News Bits
A group of NSF funded researchers have started a new resource for hardware security researchers at http://www.trust-hub.org/
"Our goal in developing trust-HUB is to provide the community with a forum to exchange ideas, circuits, platforms, tools, and resources. This web site is a resource for research, education and collaboration in your science area. It hosts various resources which will help you learn about your science area, including online presentations, courses, learning modules, animations, teaching materials, and more. It also includes information about community activities such as technical events, workshops, seminars, and news stories. It also provide members with capability of scheduling online blogs and presentation, and development of working groups.

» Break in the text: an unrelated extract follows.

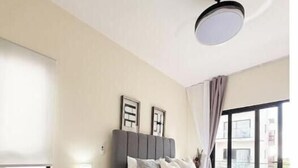Quarto com cama, sofá, mesa de cabeceira, abajur e luminária no teto.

The members will be able to broadcast their success stories, tools, benchmarks, and more. These resources come from contributors in our scientific community, and are used by visitors from all over the world. Most importantly, trust-HUB offers simulation tools which you can access from your web browser, so you can not only learn about but also simulate your science area."
The administrators are
Mohammad Tehranipoor, University of Connecticut
Ramesh Karri, Polytechnic Institute of NYU
Farinaz Koushanfar, Rice University
Miodrag Potkonjak, University of California, Los Angeles
NIST Announcement
Password-Based Key Derivation
Mon, 28 Jun 2010 13:51:34 -0400
DRAFT Recommendation for Password-Based Key Derivation - Part 1: Storage Applications.

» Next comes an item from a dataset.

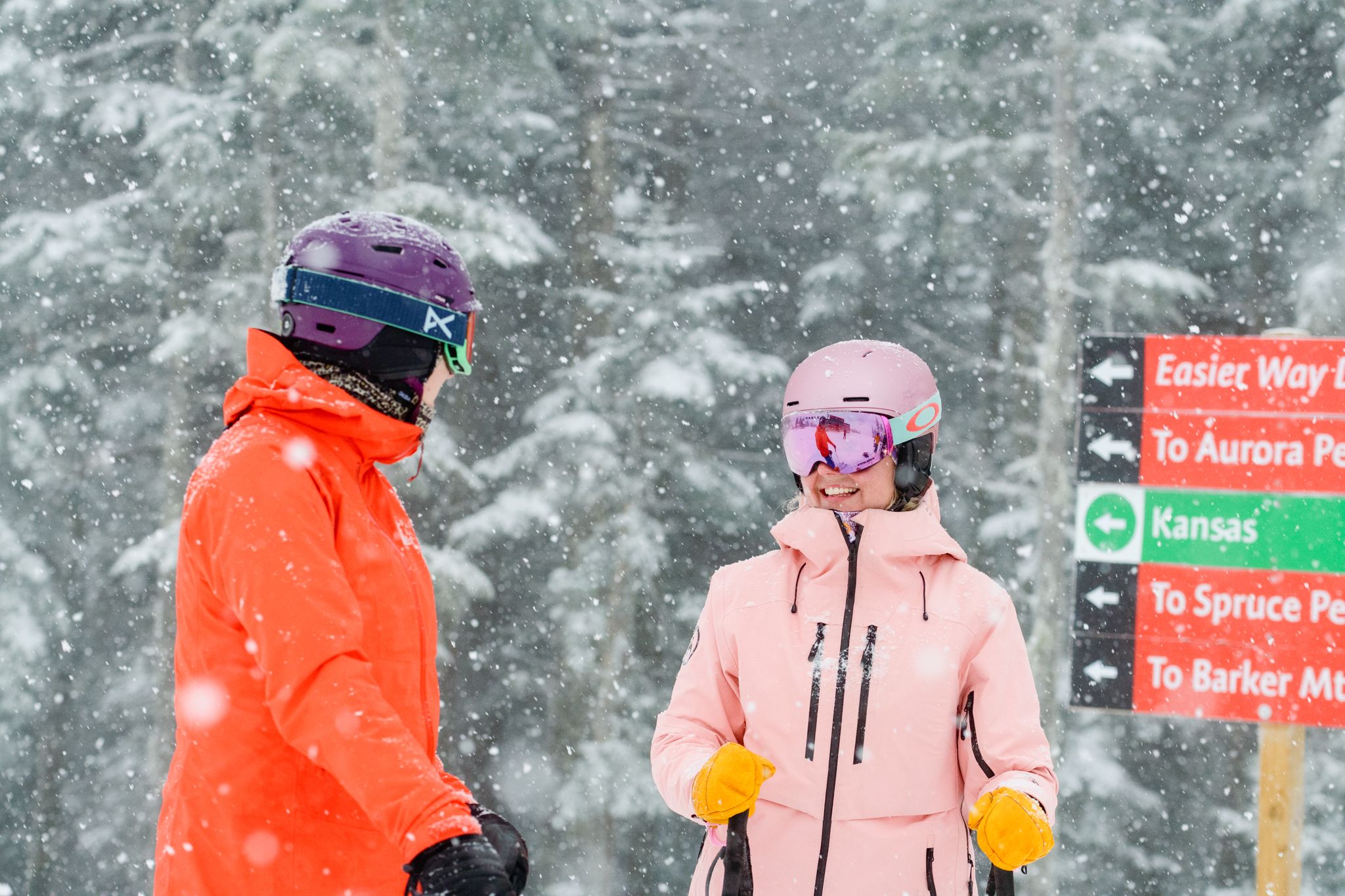 Two friends skiing together at Sunday River.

NIST announces the release of draft Special Publication 800-132, Recommendation for Password-Based Key Derivation - Part 1: Storage Applications. This Recommendation specifies techniques for the derivation of master keys from passwords to protect electronic data in a storage environment. Please submit comments to draft-sp800-132-comments@nist.gov with "Comments on Draft SP800-132" in the subject line. The comment period closes on July 28, 2010.
ICANN Announcement
Internet "Root" Signed and Delivered
July 15, 2010
It has been nearly 20 years in the making, but this summer marks the start of new era in Internet security with the implementation of public key authentication technology for the Internet "root" zone. This is arguably the most important aspect of security for mapping domain names to Internet addresses, and hundreds of people have been involved in the long process of defining the Domain Name System Security protocol (DNSSEC), implementing it, and setting in place the contractual and physical procedures for signing the fundamental data area for DNS, the root zone.
From the
ICANN announcement:
"ICANN publishes the root zone trust anchor and root operators begin to serve the signed root zone with actual keys – The signed root zone is available."